- [Exercise instructions]
A verbatim copy is needed of the lines below from the one containing "Nuuk Lit V2" up to and including the one containing "Clarissa longline blazer", excluding pictures.

- [Records for this exercise]

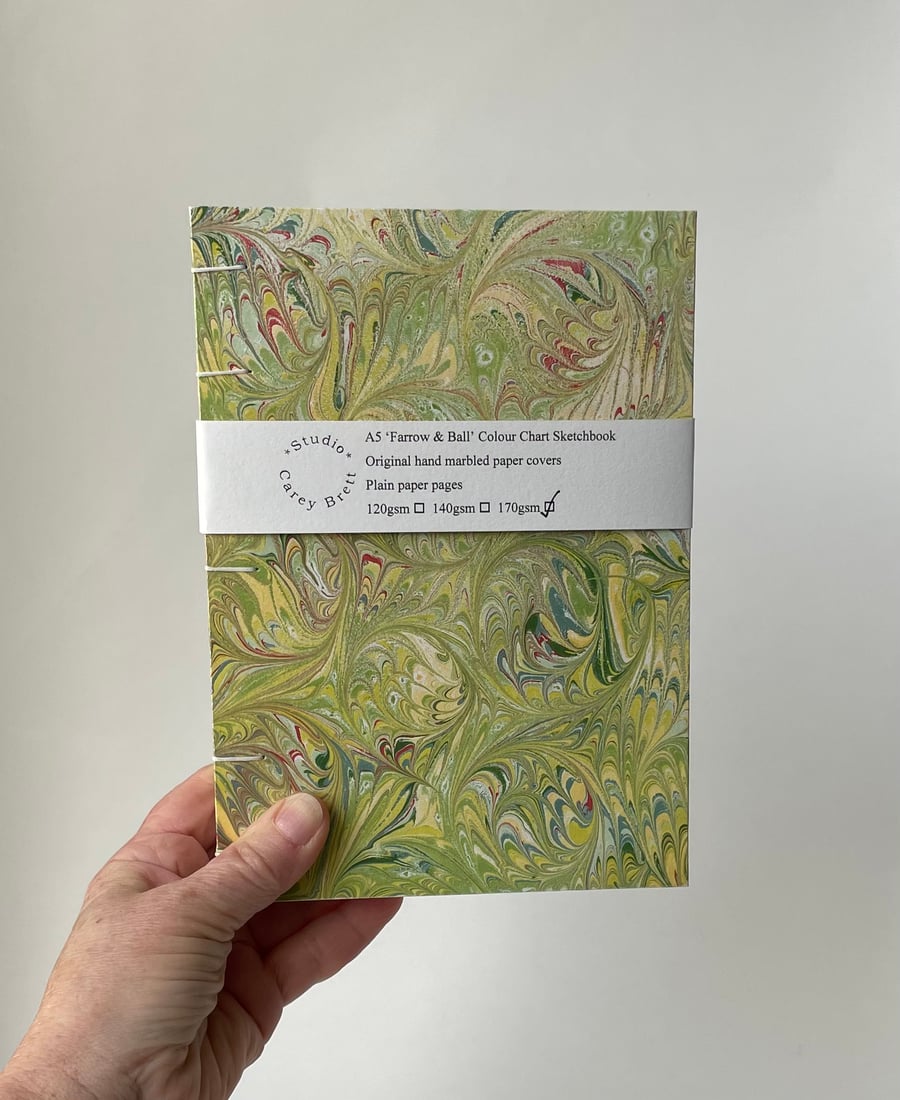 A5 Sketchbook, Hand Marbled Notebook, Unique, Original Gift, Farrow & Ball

* * *

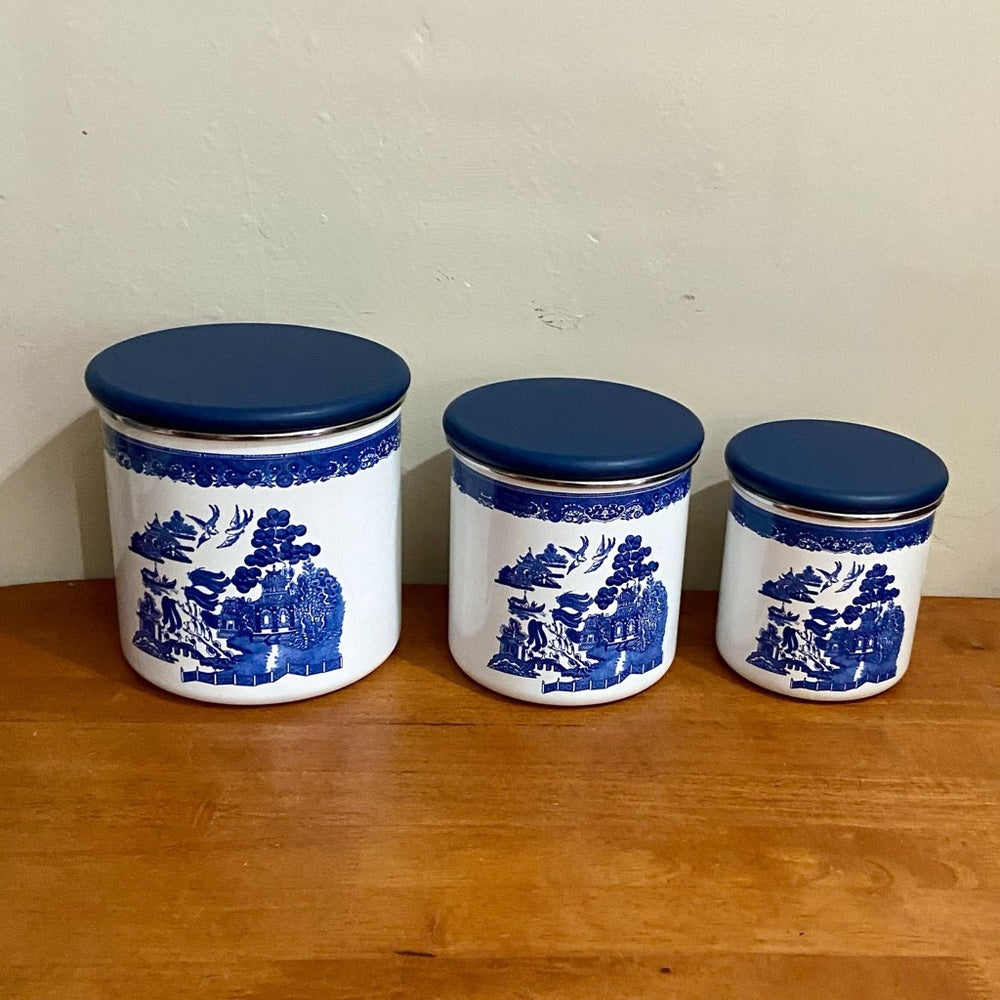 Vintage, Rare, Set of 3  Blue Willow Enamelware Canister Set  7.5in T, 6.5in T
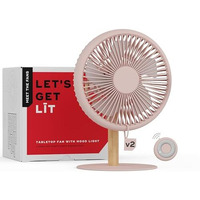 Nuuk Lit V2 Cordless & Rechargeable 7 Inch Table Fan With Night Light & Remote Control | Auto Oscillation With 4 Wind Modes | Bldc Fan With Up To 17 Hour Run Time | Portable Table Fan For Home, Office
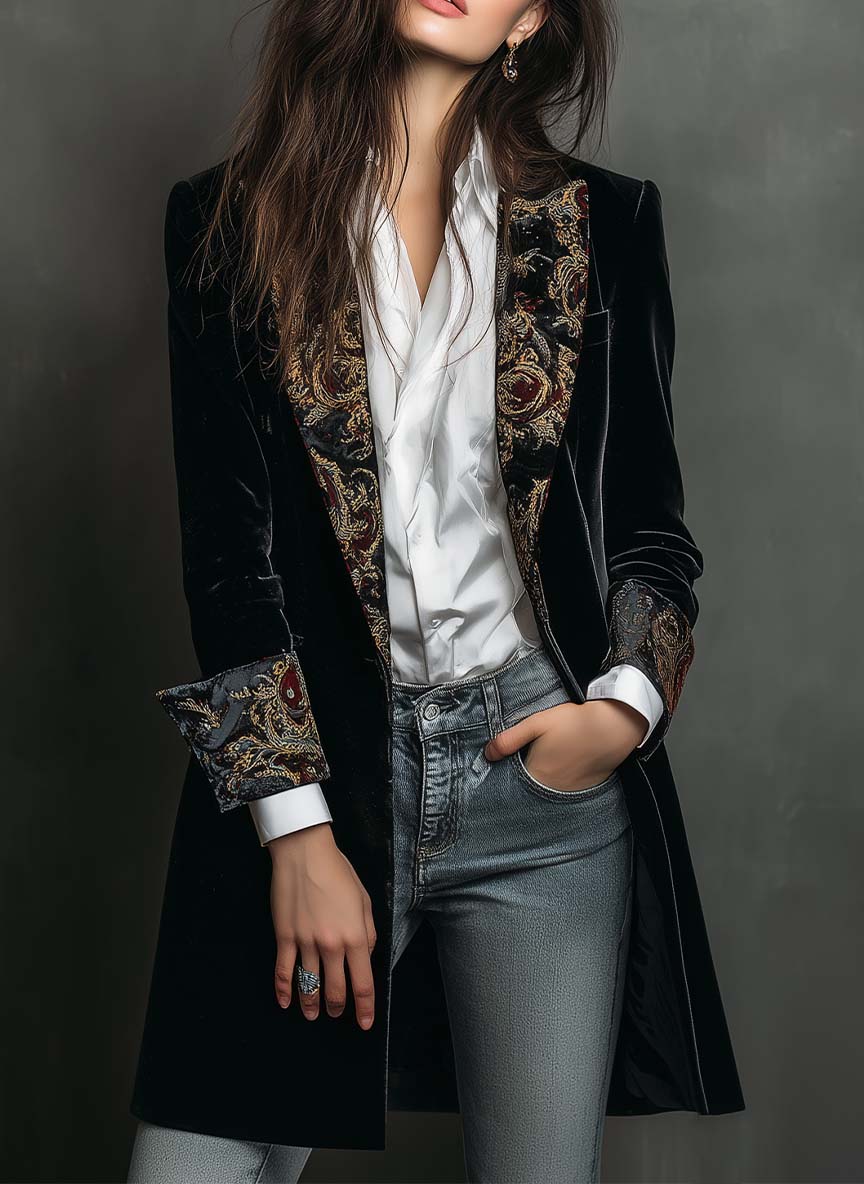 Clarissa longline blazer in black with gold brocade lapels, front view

==

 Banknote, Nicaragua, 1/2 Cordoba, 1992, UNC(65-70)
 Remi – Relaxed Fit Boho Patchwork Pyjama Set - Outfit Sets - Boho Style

- [Output for this task]
 Nuuk Lit V2 Cordless & Rechargeable 7 Inch Table Fan With Night Light & Remote Control | Auto Oscillation With 4 Wind Modes | Bldc Fan With Up To 17 Hour Run Time | Portable Table Fan For Home, Office
 Clarissa longline blazer in black with gold brocade lapels, front view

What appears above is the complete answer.